Type the records out again in full, exactly.
━━━ INFORMATION SHOWN ━━━
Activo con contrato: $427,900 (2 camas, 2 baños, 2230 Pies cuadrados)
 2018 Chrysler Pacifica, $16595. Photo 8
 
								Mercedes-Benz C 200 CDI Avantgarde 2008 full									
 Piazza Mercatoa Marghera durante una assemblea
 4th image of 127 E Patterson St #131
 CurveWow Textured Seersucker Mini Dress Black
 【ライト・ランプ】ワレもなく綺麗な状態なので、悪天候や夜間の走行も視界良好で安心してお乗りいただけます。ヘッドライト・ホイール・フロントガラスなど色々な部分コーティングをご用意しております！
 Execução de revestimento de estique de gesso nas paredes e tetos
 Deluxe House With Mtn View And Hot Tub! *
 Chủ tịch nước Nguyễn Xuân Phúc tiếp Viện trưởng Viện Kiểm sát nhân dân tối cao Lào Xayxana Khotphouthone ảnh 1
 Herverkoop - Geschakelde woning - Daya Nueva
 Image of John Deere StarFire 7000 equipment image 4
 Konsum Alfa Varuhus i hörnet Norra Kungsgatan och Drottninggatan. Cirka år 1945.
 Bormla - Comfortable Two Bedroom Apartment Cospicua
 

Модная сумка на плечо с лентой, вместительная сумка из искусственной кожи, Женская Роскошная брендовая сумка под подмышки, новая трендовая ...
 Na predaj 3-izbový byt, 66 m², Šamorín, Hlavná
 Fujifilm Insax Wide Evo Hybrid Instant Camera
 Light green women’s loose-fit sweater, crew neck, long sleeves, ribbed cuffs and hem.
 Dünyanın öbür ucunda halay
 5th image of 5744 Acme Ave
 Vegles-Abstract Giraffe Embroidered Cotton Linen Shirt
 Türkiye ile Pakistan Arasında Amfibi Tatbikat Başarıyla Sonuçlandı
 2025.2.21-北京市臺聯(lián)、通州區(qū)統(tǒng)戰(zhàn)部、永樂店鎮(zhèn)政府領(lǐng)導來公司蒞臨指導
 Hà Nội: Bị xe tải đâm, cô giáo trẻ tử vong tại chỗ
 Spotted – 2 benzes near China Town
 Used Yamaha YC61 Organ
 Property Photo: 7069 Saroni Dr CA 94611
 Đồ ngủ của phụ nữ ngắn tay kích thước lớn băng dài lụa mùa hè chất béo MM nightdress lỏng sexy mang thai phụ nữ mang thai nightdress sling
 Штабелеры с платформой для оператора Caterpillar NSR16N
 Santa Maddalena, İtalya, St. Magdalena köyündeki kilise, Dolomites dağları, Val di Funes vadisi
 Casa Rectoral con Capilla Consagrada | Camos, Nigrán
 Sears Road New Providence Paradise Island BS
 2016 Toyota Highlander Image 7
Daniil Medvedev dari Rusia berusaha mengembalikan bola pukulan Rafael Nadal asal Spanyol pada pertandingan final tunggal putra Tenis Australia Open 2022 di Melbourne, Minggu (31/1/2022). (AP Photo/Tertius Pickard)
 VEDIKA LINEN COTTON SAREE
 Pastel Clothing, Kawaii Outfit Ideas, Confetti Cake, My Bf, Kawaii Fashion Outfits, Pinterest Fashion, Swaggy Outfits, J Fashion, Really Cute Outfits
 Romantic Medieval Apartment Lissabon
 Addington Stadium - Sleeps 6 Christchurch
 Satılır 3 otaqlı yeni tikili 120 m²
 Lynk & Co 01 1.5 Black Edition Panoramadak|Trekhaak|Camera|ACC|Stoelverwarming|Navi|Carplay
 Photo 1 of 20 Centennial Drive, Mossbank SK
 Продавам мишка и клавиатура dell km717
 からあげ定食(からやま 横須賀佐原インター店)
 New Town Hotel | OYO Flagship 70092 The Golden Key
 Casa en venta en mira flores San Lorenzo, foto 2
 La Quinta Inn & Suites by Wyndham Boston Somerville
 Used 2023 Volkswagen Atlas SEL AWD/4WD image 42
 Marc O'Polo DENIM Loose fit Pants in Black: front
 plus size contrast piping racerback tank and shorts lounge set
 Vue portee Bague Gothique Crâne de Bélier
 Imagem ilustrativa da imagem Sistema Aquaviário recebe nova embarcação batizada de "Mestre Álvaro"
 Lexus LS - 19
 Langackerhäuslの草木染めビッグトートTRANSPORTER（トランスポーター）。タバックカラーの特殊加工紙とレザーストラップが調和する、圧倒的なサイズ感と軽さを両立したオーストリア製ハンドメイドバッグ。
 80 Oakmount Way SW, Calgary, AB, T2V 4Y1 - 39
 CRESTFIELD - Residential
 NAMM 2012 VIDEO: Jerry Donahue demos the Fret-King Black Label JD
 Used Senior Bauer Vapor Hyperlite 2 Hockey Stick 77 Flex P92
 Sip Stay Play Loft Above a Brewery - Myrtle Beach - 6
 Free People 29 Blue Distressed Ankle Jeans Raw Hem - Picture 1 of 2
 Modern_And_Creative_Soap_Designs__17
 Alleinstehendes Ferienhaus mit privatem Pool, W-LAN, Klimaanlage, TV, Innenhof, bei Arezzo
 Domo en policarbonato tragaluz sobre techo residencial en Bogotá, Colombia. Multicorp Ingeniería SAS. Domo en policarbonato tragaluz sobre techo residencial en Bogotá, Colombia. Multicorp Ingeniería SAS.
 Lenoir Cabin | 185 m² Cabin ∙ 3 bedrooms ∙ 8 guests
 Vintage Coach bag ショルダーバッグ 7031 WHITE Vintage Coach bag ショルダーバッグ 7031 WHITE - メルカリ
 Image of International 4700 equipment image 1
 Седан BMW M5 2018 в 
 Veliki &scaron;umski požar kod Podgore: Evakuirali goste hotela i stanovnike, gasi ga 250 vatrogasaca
━━━
## THE ANSWER:
Activo con contrato: $427,900 (2 camas, 2 baños, 2230 Pies cuadrados)
 2018 Chrysler Pacifica, $16595. Photo 8
 
								Mercedes-Benz C 200 CDI Avantgarde 2008 full									
 Piazza Mercatoa Marghera durante una assemblea
 4th image of 127 E Patterson St #131
 CurveWow Textured Seersucker Mini Dress Black
 【ライト・ランプ】ワレもなく綺麗な状態なので、悪天候や夜間の走行も視界良好で安心してお乗りいただけます。ヘッドライト・ホイール・フロントガラスなど色々な部分コーティングをご用意しております！
 Execução de revestimento de estique de gesso nas paredes e tetos
 Deluxe House With Mtn View And Hot Tub! *
 Chủ tịch nước Nguyễn Xuân Phúc tiếp Viện trưởng Viện Kiểm sát nhân dân tối cao Lào Xayxana Khotphouthone ảnh 1
 Herverkoop - Geschakelde woning - Daya Nueva
 Image of John Deere StarFire 7000 equipment image 4
 Konsum Alfa Varuhus i hörnet Norra Kungsgatan och Drottninggatan. Cirka år 1945.
 Bormla - Comfortable Two Bedroom Apartment Cospicua
 

Модная сумка на плечо с лентой, вместительная сумка из искусственной кожи, Женская Роскошная брендовая сумка под подмышки, новая трендовая ...
 Na predaj 3-izbový byt, 66 m², Šamorín, Hlavná
 Fujifilm Insax Wide Evo Hybrid Instant Camera
 Light green women’s loose-fit sweater, crew neck, long sleeves, ribbed cuffs and hem.
 Dünyanın öbür ucunda halay
 5th image of 5744 Acme Ave
 Vegles-Abstract Giraffe Embroidered Cotton Linen Shirt
 Türkiye ile Pakistan Arasında Amfibi Tatbikat Başarıyla Sonuçlandı
 2025.2.21-北京市臺聯(lián)、通州區(qū)統(tǒng)戰(zhàn)部、永樂店鎮(zhèn)政府領(lǐng)導來公司蒞臨指導
 Hà Nội: Bị xe tải đâm, cô giáo trẻ tử vong tại chỗ
 Spotted – 2 benzes near China Town
 Used Yamaha YC61 Organ
 Property Photo: 7069 Saroni Dr CA 94611
 Đồ ngủ của phụ nữ ngắn tay kích thước lớn băng dài lụa mùa hè chất béo MM nightdress lỏng sexy mang thai phụ nữ mang thai nightdress sling
 Штабелеры с платформой для оператора Caterpillar NSR16N
 Santa Maddalena, İtalya, St. Magdalena köyündeki kilise, Dolomites dağları, Val di Funes vadisi
 Casa Rectoral con Capilla Consagrada | Camos, Nigrán
 Sears Road New Providence Paradise Island BS
 2016 Toyota Highlander Image 7
Daniil Medvedev dari Rusia berusaha mengembalikan bola pukulan Rafael Nadal asal Spanyol pada pertandingan final tunggal putra Tenis Australia Open 2022 di Melbourne, Minggu (31/1/2022). (AP Photo/Tertius Pickard)
 VEDIKA LINEN COTTON SAREE
 Pastel Clothing, Kawaii Outfit Ideas, Confetti Cake, My Bf, Kawaii Fashion Outfits, Pinterest Fashion, Swaggy Outfits, J Fashion, Really Cute Outfits
 Romantic Medieval Apartment Lissabon
 Addington Stadium - Sleeps 6 Christchurch
 Satılır 3 otaqlı yeni tikili 120 m²
 Lynk & Co 01 1.5 Black Edition Panoramadak|Trekhaak|Camera|ACC|Stoelverwarming|Navi|Carplay
 Photo 1 of 20 Centennial Drive, Mossbank SK
 Продавам мишка и клавиатура dell km717
 からあげ定食(からやま 横須賀佐原インター店)
 New Town Hotel | OYO Flagship 70092 The Golden Key
 Casa en venta en mira flores San Lorenzo, foto 2
 La Quinta Inn & Suites by Wyndham Boston Somerville
 Used 2023 Volkswagen Atlas SEL AWD/4WD image 42
 Marc O'Polo DENIM Loose fit Pants in Black: front
 plus size contrast piping racerback tank and shorts lounge set
 Vue portee Bague Gothique Crâne de Bélier
 Imagem ilustrativa da imagem Sistema Aquaviário recebe nova embarcação batizada de "Mestre Álvaro"
 Lexus LS - 19
 Langackerhäuslの草木染めビッグトートTRANSPORTER（トランスポーター）。タバックカラーの特殊加工紙とレザーストラップが調和する、圧倒的なサイズ感と軽さを両立したオーストリア製ハンドメイドバッグ。
 80 Oakmount Way SW, Calgary, AB, T2V 4Y1 - 39
 CRESTFIELD - Residential
 NAMM 2012 VIDEO: Jerry Donahue demos the Fret-King Black Label JD
 Used Senior Bauer Vapor Hyperlite 2 Hockey Stick 77 Flex P92
 Sip Stay Play Loft Above a Brewery - Myrtle Beach - 6
 Free People 29 Blue Distressed Ankle Jeans Raw Hem - Picture 1 of 2
 Modern_And_Creative_Soap_Designs__17
 Alleinstehendes Ferienhaus mit privatem Pool, W-LAN, Klimaanlage, TV, Innenhof, bei Arezzo
 Domo en policarbonato tragaluz sobre techo residencial en Bogotá, Colombia. Multicorp Ingeniería SAS. Domo en policarbonato tragaluz sobre techo residencial en Bogotá, Colombia. Multicorp Ingeniería SAS.
 Lenoir Cabin | 185 m² Cabin ∙ 3 bedrooms ∙ 8 guests
 Vintage Coach bag ショルダーバッグ 7031 WHITE Vintage Coach bag ショルダーバッグ 7031 WHITE - メルカリ
 Image of International 4700 equipment image 1
 Седан BMW M5 2018 в 
 Veliki &scaron;umski požar kod Podgore: Evakuirali goste hotela i stanovnike, gasi ga 250 vatrogasaca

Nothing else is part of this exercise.